Wrangelsdorf. Momentan befinden sich mehrere Beamte des Polizeireviers Wolgast in Wrangelsdorf im Einsatz.

Die Aktionsgruppe “Climate Justice Greifswald” teilte am heutigen Morgen in einer Pressemitteilung mit, dass sie seit 05:35 Uhr die Baustelle einer Gaspipeline bei Wrangelsburg besetzen, “um deren Bau zu verzögern und auf Klimaschäden durch Erdgas aufmerksam zu machen”.

Gegen 07:00 Uhr meldete sich einer der Aktivisten auch in der Einsatzleitstelle des Polizeipräsidiums Neubrandenburg und gab die Aktion dort zur Kenntnis.

Derzeit befinden sich fünf Beamte des Reviers Wolgast vor Ort. Der Leiter der Polizeiinspektion Anklam, LPD Gunnar Mächler, führt den Einsatz. Die Verhandlungsgruppe der Polizei Mecklenburg-Vorpommern wurde ebenfalls angefordert.

Nach unseren derzeitigen Erkenntnissen befinden sich insgesamt acht Aktivisten im Baustellenbereich der Pipeline, fünf von ihnen sollen sich in einem der Rohre befinden.

Das etwa 1,5 km lange Rohr ist nach Auskunft des anwesenden Bauleiters verschweißt, sodass durch mögliche Sauerstoffknappheit ein Gesundheitsrisiko für die Aktivisten bestehen könnte.
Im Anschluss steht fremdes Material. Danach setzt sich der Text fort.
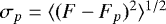 $\sigma_{p}=\langle (F-F_{p})^{2} \rangle^{1/2}$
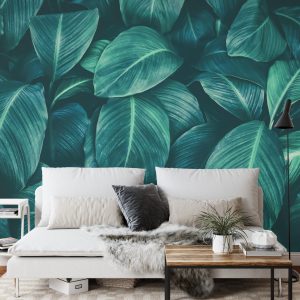 Papier Peint Feuilles Tropicales Sombres – Image 3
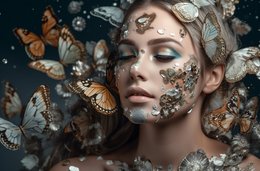 Vibrant poster featuring a woman's face surrounded by colorful butterflies. Suitable for home decor or art enthusiasts.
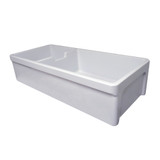 Whitehaus WHQDB5542-WHITE Glencove Fireclay 42" Large Double Bowl Reversible Sink with Elegant Beveled Apron Front on One Side and Decorative Lip on the Opposite Side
Nach Abstimmung mit dem Versammlungsleiter, welcher in Kontakt mit den Leuten im Rohr steht, wurde ein Sauerstoffmessgerät an die Personen im Inneren der Pipeline gegeben.

Die Aktion wird durch die Polizeiinspektion Anklam rechtlich als Eilversammlung eingestuft. Die Versammlungsbehörde wurde informiert.

Die Sicherheit und Gesundheit der Aktivisten hat oberste Priorität. Die Arbeiten an der Baustelle ruhen daher derzeit.